Molina Foix, Vicente. El abrecartas. Barcelona. Anagrama.2006
Lo primero que llama la atención en esta extensa --más de 400 páginas--- y muy celebrada novela ---en 2007 se le concedió el Premio Nacional de Narrativa, aunque esto no tiene por qué constituir garantía de calidad alguna--- es lo original de su disposición estructural y la notable habilidad con que Molina ha sabido desarrollarla hasta hacerla literariamente creíble: formada a base del intercambio de docenas de cartas entre una serie de personajes ligados con maña y sutileza unos a otros en un cañamazo de voces narrativas, colocadas a modo de piezas de un mecanismo relojero cuya urdimbre ha de ir el lector descubriendo poco a poco, a medida que avanza la lectura, hasta que al final se ilumina todo el puzzle. Nada importa que algunos de esos personajes, como Lorca, Aleixandre, Miguel Hernández, Eugenio D'Ors y un extenso etcétera sean, tal como se dice, "históricos", y que otros vengan de la inventiva del autor: unos y otros funcionan aquí o intentan hacerlo como entes narrativos, soportes de voces que apuntan cada uno a su particular mundo evocado, a su estatuto subjetivo y a su trayectoria vital. En este sentido El abrecartas no es una novela histórica (y este me parece uno de los méritos, y no de los menores, del libro, el haber sabido evitar el peligro, siempre latente en una novela de este tipo, de convertirse en una galería de fantasmas), por mucho que todo un periodo de la historia de España, el que va de los años veinte del pasado siglo hasta ahora mismo, comparezca como fondo del tapiz, sino una novela sobre un puñado de vidas truncadas y abocadas a un destino trágico.

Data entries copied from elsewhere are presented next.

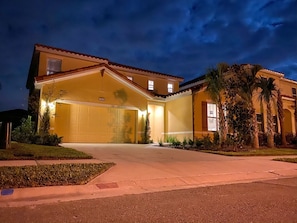 A beautiful view of the house at sunset.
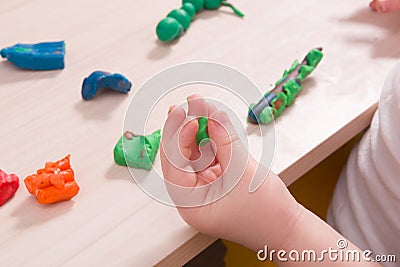 A small child sculpts from plasticine, a wooden light table Stock Photo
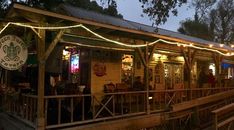 the outside of a restaurant with lights strung from it's roof and wooden railings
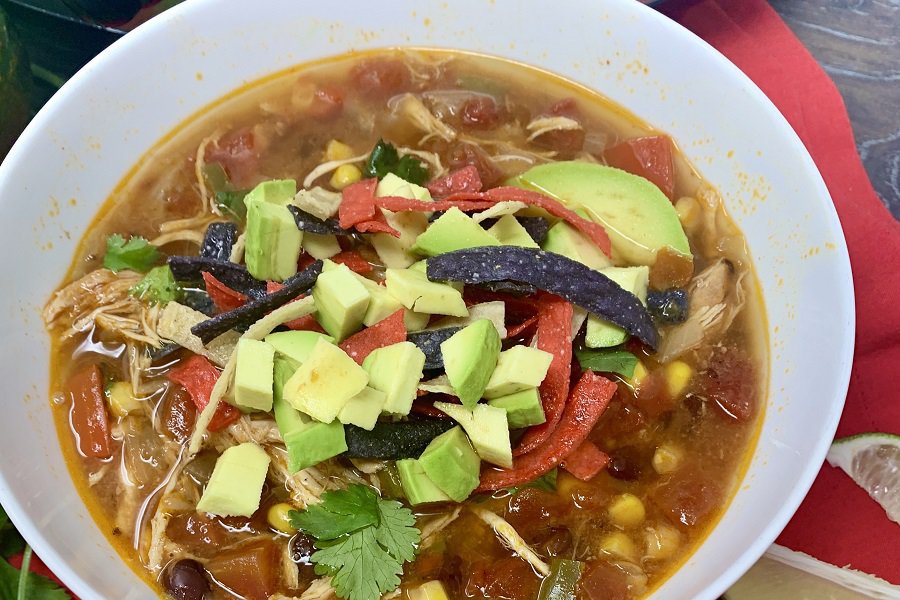 Crockpot Keto Chicken Recipes Close Up of a Bowl of Chicken Tortilla Soup Topped with Tortilla Strips and Avocado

Las primeras cartas son las que Rafael González Sanahuja, niño pobre compañero de escuela de primeras letras de Lorca, envía a éste desde la admiración distante y un tanto conmovedoramente ingenua que le generan sus propios y semisecretos anhelos de convertirse en escritor. Este Rafael viene a ser el primer eslabón de la cadena que abrirá paso, como digo, a una larga sucesión de corresponsales, en primer lugar dos que resultan ser de los más proteicos y de más enjundia, espesor y firme trazado del libro, hasta el punto de que bien puede decirse que viven en él varias vidas diferentes: la prima de aquel, Sefetilla, humilde maestra en los años republicanos, después locutora radiofónica de novelones sentimentales y al final insospechada escritora de éxito, y Alfonso Enríquez, profesor universitario de izquierdas desde su primera juventud, luego represaliado por el franquismo, liberado gracias a una casualidad, exiliado de lujo en una universidad suiza---lo que da pie a la entrada en liza de otro personaje conmovedor, Angelico--- hasta concluir, desengañado y desligado de cualquier vínculo con la cultura, dando tumbos por el norte de Africa y por Latinoamérica. Ambos personajes acabarán además resolviendo algunas de las claves cifradas o detalles semiocultos de la novela, así el destino de una pieza teatral, presuntamente desaparecida, de Cernuda, o el papel escrito que cierta esposa deja a su marido cuando decide abandonarlo, y forman, junto a la actriz Manuela Riera ---personaje sin embargo mucho más desdibujado---un extraño triángulo amoroso que es uno de los ejes vertebradores del relato.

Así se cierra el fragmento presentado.